Dataset extract: Begin

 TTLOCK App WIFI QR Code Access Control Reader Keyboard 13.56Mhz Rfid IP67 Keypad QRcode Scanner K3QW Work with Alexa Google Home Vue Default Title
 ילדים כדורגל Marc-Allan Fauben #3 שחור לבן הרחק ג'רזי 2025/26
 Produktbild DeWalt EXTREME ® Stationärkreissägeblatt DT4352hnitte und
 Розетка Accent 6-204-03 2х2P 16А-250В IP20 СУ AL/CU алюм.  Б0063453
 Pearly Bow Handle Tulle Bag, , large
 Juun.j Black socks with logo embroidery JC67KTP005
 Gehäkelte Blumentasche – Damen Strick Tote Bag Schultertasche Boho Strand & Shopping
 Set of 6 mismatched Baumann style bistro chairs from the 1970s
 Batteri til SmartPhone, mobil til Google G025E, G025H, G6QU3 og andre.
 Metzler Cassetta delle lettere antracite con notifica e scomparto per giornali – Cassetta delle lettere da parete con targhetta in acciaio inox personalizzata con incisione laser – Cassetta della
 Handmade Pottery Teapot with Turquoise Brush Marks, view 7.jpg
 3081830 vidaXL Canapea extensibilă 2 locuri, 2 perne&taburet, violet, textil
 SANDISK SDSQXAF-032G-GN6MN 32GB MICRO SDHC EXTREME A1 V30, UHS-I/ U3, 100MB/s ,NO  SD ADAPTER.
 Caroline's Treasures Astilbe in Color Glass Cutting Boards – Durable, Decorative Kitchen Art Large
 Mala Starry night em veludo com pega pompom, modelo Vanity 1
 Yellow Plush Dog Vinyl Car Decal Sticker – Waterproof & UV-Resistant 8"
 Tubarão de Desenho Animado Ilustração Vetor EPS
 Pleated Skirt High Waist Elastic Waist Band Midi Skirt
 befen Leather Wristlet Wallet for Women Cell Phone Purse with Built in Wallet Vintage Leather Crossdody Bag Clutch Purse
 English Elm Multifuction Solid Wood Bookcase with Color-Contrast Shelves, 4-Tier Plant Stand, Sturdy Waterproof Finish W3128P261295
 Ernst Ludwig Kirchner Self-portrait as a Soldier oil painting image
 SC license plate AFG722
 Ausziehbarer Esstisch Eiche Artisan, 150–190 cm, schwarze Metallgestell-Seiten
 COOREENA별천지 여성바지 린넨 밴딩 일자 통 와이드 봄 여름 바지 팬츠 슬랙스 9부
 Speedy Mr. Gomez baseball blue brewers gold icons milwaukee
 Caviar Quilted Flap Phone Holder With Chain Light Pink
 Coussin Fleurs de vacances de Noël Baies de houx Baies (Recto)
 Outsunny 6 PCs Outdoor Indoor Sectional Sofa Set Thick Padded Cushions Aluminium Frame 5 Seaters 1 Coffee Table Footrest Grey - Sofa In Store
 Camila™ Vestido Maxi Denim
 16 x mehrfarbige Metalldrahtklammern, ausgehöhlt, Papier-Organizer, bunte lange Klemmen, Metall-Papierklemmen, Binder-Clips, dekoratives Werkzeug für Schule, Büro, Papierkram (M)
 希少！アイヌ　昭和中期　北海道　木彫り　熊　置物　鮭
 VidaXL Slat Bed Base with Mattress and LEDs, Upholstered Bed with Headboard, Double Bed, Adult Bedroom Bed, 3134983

Dataset extract: End

◆ Instructions for the task:
Please copy out each line of the material that holds the string "EXTREME".

◆ Task result:
 Produktbild DeWalt EXTREME ® Stationärkreissägeblatt DT4352hnitte und
 SANDISK SDSQXAF-032G-GN6MN 32GB MICRO SDHC EXTREME A1 V30, UHS-I/ U3, 100MB/s ,NO  SD ADAPTER.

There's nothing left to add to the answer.